Há menos de dois anos, pelo aniversário do meu querido amigo Nuno Júdice, dizia-lhe que o seu sorriso confundia o bom povo da Mexilhoeira Grande, Portimão, e do mundo. Parecia estar a gozar. Não estava. E quem o não conhecesse que o lesse. Acrescentava que o Nuno andava assim desde mocinho.
O Nuno tentava esconder o que tinha por dentro. A gente espreitava e nada via de mal. Pelo contrário, tinha um mundo expansível, benigno, luminoso, literariamente insuperável no último quartel do século xx e neste primeiro do xxı. Não é tempo de criar aqui uma redundância descritiva da sua monumental obra literária e dos infinitos prémios nacionais e internacionais que recebeu. Estão com ele e connosco que, boquiabertos, os admiramos.
No domingo, o sorriso do Nuno desvaneceu-se. O seu mundo, ainda em expansão, continuará pelos séculos.
Nos últimos anos, andava a aturar o mais chato dos seus amigos. Este, e a sua incontinência verbal congénita assim o considera.
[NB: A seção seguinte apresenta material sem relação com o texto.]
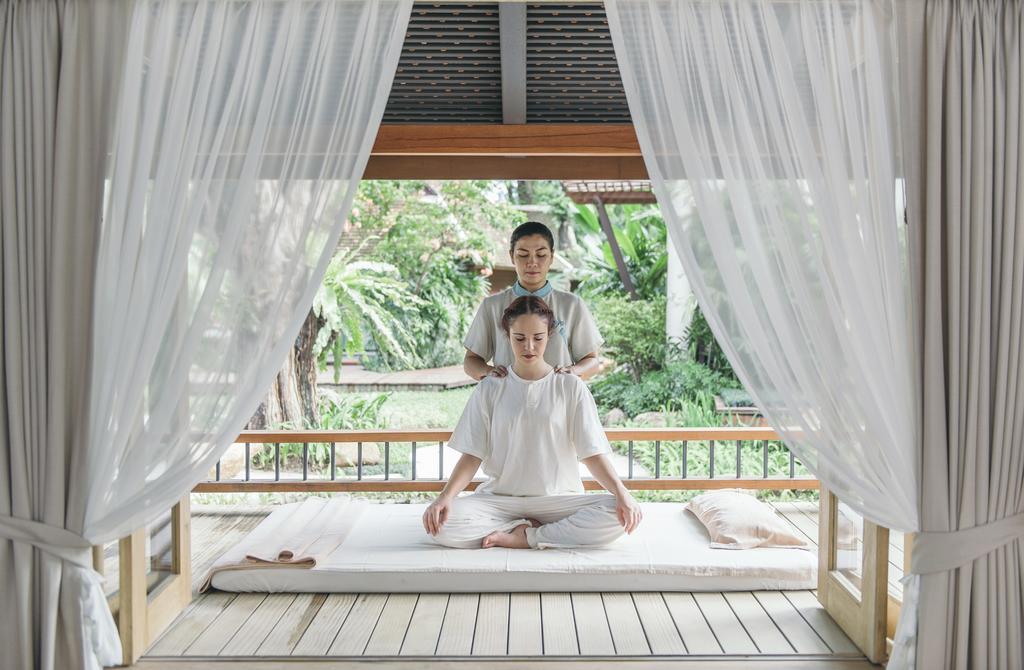 Chaweng Regent Beach Resort Extérieur photo Thai massage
Estávamos há uns anos a trabalhar na coordenação de uma nova edição das Obras Completas de M. Teixeira-Gomes, para a Imprensa Nacional, de que já saíram os três primeiros volumes.
Combinara com o Nuno estar esta semana, em Lisboa, para dar continuidade ao trabalho de preparação do volume ıv. Temos no prelo também, na Imprensa Nacional, um outro livro que trabalhámos em conjunto e que sugeriu que se chamasse Regresso a Teixeira Gomes — Estudos. Já não foi a tempo de concluir a nota prévia que se disponibilizara para fazer.
O trabalho irá continuar. Eu sei que o Nuno, e só ele o saberá como, inventará todas as palavras, que Deus até desconhece, para se manter comigo no corpo e no espírito destes trabalhos coletivos. E, sobretudo, a fazer a sua maravilhosa obra que continuará pelos inéditos que assomarão.
Esperarei pacientemente por eles, adornados pelo seu sorriso inextinguível.